Rozkwit depilacji w latach sześćdziesiątych

Lata sześćdziesiąte to w Polsce okres ogromnego rozkwitu depilacji. Mimo polityczno kulturalnych mroków, w których pogrążył się wówczas nasz kraj, depilacja woskiem kolan była popularna jak nigdy.

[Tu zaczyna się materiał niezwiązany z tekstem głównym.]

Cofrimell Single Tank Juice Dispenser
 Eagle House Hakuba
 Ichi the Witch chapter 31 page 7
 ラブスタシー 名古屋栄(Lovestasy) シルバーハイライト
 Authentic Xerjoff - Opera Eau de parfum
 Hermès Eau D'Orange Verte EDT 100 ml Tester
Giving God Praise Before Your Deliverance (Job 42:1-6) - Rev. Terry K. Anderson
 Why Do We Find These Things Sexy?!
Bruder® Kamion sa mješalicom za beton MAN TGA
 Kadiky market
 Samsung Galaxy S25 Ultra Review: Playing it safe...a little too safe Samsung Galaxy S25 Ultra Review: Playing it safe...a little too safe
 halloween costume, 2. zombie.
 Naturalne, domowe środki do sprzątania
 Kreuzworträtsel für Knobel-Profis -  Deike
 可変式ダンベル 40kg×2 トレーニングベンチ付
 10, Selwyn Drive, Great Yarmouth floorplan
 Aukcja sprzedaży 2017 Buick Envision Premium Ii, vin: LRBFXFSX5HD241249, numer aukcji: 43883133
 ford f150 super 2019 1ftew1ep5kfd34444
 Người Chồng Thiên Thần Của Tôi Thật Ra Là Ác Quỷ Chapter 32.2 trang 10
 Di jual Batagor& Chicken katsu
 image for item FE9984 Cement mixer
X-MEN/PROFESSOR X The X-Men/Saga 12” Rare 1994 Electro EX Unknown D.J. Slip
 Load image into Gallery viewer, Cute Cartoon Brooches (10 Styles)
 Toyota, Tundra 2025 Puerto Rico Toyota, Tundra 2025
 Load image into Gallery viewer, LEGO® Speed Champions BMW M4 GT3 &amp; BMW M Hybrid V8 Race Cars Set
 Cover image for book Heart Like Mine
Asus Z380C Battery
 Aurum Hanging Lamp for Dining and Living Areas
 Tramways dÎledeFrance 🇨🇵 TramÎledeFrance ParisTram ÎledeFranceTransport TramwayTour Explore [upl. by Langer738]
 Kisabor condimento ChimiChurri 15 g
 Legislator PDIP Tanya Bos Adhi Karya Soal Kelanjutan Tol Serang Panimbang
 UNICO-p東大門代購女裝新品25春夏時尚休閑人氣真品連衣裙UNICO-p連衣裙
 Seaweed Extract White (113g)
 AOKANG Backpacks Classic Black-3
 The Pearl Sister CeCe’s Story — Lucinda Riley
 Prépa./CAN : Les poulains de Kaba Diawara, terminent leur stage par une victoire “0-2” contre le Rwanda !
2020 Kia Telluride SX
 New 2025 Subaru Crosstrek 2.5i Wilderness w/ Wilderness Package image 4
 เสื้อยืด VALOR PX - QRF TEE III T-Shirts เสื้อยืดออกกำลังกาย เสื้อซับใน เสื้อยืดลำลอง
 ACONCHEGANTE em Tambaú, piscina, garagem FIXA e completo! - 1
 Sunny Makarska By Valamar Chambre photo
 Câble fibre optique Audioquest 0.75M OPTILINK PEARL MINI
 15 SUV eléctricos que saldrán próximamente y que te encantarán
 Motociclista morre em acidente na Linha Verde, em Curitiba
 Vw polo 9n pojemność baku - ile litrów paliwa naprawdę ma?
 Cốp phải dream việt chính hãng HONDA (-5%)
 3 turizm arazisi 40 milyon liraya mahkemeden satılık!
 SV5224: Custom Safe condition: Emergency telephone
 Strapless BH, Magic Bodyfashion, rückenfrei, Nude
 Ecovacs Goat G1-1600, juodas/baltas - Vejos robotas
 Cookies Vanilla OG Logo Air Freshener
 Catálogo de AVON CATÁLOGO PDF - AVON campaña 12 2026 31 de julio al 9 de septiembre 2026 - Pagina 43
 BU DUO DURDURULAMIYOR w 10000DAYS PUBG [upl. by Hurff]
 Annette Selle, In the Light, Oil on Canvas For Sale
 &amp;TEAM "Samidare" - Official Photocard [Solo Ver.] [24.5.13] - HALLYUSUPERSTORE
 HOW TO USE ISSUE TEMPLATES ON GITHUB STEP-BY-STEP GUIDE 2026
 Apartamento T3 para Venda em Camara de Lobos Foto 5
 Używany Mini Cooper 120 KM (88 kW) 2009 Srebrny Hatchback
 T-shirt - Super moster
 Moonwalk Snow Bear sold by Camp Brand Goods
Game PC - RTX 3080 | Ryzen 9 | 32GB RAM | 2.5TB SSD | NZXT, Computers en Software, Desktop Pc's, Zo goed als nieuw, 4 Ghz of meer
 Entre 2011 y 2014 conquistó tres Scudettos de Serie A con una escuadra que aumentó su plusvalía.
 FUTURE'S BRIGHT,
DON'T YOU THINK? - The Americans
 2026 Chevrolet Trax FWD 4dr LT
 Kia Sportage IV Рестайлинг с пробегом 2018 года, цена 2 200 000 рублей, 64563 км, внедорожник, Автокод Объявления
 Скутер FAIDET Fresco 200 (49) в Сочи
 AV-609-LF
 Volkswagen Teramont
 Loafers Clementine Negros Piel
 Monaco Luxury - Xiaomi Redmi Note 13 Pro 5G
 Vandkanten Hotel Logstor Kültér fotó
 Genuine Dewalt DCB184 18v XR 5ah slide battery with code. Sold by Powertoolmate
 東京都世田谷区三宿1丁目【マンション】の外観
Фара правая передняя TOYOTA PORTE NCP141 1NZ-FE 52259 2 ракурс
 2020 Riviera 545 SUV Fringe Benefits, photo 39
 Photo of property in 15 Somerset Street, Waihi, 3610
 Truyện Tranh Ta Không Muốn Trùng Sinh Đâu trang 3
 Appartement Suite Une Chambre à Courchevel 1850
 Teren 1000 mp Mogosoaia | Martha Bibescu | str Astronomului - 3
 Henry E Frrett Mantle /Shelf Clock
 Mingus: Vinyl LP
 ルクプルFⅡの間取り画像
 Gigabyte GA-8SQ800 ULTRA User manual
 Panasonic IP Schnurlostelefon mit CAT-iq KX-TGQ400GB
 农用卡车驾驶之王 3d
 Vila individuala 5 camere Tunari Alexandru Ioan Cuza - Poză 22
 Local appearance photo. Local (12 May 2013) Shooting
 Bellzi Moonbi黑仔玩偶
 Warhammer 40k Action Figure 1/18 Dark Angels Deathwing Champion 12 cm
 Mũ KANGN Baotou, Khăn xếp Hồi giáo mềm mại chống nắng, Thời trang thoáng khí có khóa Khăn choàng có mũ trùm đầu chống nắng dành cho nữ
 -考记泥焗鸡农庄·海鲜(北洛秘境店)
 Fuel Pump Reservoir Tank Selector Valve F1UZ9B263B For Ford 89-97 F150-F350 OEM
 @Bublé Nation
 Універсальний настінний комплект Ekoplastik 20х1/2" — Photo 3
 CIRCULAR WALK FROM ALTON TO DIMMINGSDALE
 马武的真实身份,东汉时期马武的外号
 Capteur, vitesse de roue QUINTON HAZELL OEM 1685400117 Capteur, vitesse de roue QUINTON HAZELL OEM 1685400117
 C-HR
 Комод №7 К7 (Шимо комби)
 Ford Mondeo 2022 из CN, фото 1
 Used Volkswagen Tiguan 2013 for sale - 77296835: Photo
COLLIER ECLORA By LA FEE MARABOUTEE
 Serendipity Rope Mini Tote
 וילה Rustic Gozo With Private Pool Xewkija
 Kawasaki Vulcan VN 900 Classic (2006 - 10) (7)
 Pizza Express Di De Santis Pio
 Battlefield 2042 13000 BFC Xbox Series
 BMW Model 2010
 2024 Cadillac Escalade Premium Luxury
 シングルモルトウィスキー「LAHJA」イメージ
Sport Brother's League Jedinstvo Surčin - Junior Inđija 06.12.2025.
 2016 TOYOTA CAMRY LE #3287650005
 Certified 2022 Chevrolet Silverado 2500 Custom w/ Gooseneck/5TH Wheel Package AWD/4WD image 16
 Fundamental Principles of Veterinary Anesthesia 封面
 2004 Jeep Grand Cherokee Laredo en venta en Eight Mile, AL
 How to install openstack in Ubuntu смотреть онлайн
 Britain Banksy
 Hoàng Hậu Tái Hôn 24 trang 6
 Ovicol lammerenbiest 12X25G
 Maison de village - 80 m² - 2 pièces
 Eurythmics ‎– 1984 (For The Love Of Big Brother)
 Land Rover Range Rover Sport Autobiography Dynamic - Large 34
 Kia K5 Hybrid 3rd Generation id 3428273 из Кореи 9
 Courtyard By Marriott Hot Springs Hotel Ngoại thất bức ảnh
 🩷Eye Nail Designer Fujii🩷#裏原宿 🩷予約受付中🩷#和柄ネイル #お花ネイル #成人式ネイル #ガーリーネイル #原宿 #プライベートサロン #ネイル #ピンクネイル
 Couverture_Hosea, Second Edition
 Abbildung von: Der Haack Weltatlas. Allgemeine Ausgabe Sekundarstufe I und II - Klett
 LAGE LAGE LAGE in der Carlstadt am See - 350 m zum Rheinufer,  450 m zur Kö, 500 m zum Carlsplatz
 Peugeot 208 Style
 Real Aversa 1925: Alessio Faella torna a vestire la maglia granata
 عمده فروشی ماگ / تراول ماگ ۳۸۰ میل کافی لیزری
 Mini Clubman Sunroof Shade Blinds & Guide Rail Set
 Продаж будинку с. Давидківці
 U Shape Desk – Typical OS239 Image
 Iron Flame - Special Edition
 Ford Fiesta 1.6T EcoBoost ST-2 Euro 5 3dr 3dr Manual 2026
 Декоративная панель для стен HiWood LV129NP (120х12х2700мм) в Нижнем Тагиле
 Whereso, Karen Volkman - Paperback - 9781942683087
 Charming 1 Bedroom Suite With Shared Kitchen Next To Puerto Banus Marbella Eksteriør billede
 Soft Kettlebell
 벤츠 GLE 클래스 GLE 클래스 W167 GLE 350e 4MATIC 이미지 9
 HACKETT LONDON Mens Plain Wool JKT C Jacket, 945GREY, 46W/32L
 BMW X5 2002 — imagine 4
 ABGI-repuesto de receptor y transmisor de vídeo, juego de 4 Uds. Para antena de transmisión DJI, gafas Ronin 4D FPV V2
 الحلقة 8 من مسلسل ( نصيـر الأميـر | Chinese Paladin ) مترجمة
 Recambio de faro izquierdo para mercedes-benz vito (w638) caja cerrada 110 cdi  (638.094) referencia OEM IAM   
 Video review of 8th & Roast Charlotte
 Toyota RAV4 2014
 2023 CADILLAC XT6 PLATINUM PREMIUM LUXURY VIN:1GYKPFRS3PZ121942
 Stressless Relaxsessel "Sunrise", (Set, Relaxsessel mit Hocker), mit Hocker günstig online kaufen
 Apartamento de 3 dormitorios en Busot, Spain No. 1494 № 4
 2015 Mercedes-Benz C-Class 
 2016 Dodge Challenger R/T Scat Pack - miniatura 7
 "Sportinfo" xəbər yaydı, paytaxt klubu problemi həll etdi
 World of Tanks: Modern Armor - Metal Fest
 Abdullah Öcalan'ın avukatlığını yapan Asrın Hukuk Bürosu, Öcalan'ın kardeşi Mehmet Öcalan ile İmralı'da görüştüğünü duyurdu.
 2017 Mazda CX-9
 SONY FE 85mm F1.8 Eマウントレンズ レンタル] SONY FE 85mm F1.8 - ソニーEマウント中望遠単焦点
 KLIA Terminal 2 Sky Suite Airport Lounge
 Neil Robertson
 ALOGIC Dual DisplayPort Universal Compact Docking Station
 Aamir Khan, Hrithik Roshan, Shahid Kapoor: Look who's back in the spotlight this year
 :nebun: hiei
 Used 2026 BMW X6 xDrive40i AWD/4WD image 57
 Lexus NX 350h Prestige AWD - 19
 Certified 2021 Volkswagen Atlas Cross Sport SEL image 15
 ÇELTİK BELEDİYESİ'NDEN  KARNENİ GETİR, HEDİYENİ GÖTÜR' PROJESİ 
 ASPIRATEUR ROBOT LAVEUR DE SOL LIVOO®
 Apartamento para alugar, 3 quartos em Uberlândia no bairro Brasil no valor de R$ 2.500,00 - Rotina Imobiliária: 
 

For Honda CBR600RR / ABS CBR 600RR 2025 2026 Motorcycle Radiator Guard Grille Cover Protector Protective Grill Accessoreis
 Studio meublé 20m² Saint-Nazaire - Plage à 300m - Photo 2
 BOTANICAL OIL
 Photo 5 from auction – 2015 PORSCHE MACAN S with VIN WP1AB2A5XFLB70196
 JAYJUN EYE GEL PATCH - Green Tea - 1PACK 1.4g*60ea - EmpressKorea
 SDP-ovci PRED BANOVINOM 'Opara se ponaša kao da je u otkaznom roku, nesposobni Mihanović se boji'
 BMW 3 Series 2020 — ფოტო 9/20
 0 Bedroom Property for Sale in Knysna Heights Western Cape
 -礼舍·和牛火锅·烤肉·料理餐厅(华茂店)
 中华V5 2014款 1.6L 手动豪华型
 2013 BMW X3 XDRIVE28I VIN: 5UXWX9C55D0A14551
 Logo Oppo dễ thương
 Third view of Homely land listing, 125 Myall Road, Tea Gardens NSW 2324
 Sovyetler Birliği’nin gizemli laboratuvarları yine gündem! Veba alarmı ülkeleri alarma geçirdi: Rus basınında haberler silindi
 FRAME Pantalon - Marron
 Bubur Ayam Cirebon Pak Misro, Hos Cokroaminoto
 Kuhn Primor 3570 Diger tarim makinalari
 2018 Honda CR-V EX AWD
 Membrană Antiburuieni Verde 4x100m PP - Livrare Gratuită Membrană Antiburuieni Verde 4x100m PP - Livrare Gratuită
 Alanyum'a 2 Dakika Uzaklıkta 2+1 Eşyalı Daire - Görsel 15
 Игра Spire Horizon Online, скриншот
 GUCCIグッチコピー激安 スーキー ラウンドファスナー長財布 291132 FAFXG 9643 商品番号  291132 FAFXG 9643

Wraz z dystrybuowanymi przez podziemną pocztę ulotkami wychwalającymi kapitalizm, dystrybuowane były również karteczki zapraszające do stale przemieszczających się ruchomych lokali, należących do legendarnego już działacza antykomunistycznego podziemia, Karola Depilarskiego. Aparat państwowy zwalczał depilujących zaciekle, ale Ci nie poddawali się. Milicja antydepilacyjna miała pełne ręce roboty, a podziemie wciąż rosło w siłę. Depilacja woskiem kolan kwitła, mimo niekorzystnych zdawałoby się okoliczności.

Podziemie depilacyjne

Aby depilacja woskiem kolan mogła się rozwijać, konieczne było stworzenie zorganizowanego podziemia depilacyjnego. Sława i rozpoznawalność Karola rosły z każdym rokiem i jesienią roku 1963 osiągnęły punkt, na który chłopak czekał. Każda dzielnica i każdy skwer znały już Karola, równocześnie był on praktycznie nierozpoznawalny dla milicji antydepilacyjnej. Mężczyzna rozpoczął rekrutację. Pierwszą osobą, która zdecydowała się zaciągnąć, był Stefan, bratanek Karola. Depilacja była jego pasją od dziecka, czego dowodem był fakt, że na pierwsze spotkanie zarządzających podziemiem, przyniósł piękną pamiątkę, książkę, którą ukochał wiele lat wcześniej, „Abecadło Depilacji”.

Żołnierze wkrótce uznali wspomnianą lekturę za swój znak rozpoznawczy i tak dzieło Karola Depilarckiego urosło do rangi kultowego. Minęły lata sześćdziesiąte, a wraz z nimi osłabła nieco żelazna dłoń reżimu, który nie miał już chęci tak zaciekle jak dotychczas, tępić depilacji i jej wyznawców. Lata siedemdziesiąte to odwilż na rynku usług dżentelmeńskich. Panowie znów mogli ubierać się, tak jak czterdzieści lat wcześniej, w najlepsze garnitury, a panie we wspaniałe, wysadzane złotem i brylantami suknie wieczorowe. Polska znów zaczęła tętnić życiem w długie sobotnie wieczory.